[Brief descriptive captions]
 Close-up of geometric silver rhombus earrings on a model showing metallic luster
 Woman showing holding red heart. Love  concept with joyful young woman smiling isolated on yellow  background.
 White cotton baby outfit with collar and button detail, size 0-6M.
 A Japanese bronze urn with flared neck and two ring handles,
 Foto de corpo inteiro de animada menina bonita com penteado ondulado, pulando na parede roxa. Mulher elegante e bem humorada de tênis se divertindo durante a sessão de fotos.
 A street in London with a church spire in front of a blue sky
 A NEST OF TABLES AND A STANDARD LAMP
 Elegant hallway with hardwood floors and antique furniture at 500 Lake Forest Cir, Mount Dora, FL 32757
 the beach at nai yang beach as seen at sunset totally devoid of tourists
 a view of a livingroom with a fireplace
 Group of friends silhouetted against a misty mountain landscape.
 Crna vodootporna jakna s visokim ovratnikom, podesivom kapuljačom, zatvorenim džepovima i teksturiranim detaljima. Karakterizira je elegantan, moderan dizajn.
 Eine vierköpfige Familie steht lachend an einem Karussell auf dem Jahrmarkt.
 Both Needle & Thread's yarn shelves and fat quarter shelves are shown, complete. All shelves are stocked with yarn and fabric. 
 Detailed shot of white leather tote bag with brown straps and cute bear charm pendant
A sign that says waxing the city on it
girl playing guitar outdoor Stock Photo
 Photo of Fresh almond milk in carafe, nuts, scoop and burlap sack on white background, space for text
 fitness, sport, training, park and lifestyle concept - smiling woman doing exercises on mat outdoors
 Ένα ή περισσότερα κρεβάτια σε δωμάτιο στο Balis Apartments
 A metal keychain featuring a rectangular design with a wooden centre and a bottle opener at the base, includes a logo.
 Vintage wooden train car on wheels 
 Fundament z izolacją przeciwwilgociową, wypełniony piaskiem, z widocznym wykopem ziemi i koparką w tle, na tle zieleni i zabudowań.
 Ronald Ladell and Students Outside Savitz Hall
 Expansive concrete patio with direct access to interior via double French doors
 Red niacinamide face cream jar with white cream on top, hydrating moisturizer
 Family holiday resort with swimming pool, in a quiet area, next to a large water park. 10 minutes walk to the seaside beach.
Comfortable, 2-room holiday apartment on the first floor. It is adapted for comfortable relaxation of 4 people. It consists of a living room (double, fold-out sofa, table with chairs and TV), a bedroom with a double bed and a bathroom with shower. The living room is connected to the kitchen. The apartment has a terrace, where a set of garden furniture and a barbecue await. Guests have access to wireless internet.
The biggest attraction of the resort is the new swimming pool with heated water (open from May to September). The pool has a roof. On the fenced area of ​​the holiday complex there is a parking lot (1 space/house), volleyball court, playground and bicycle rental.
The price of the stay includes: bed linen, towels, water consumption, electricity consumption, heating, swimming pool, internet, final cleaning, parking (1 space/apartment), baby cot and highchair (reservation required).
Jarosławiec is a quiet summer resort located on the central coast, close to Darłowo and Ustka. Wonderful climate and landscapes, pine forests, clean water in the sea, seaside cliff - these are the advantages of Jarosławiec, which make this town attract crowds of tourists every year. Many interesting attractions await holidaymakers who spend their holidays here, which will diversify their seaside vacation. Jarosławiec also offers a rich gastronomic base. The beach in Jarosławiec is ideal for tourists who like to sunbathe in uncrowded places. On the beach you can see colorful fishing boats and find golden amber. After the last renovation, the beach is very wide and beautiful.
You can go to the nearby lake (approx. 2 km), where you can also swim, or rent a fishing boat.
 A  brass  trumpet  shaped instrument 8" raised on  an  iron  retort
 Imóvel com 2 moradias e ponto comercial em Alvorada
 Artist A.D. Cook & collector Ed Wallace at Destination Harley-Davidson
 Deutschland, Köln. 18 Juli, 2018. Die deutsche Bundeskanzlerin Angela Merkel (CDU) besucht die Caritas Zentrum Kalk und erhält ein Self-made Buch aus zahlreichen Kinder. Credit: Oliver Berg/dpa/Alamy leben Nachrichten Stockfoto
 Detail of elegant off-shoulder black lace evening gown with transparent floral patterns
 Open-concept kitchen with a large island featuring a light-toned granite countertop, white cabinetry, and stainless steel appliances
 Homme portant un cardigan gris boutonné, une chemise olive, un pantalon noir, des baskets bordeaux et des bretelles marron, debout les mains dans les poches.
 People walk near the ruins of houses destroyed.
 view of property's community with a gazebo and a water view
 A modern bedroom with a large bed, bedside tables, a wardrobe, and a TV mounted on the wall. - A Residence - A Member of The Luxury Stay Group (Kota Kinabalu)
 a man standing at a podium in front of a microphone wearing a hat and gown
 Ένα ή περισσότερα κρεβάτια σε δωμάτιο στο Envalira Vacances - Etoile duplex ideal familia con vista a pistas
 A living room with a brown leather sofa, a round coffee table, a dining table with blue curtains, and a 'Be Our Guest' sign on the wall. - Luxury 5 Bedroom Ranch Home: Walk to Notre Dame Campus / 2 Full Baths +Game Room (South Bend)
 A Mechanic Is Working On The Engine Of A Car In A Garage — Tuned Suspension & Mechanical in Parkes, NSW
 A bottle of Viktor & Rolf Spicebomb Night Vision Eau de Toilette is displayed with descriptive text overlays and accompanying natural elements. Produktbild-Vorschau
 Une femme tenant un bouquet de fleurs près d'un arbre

Instructions to follow:
How many of the lines in the data above carry the word "front"? Say the number and nothing else.

Answer below:
2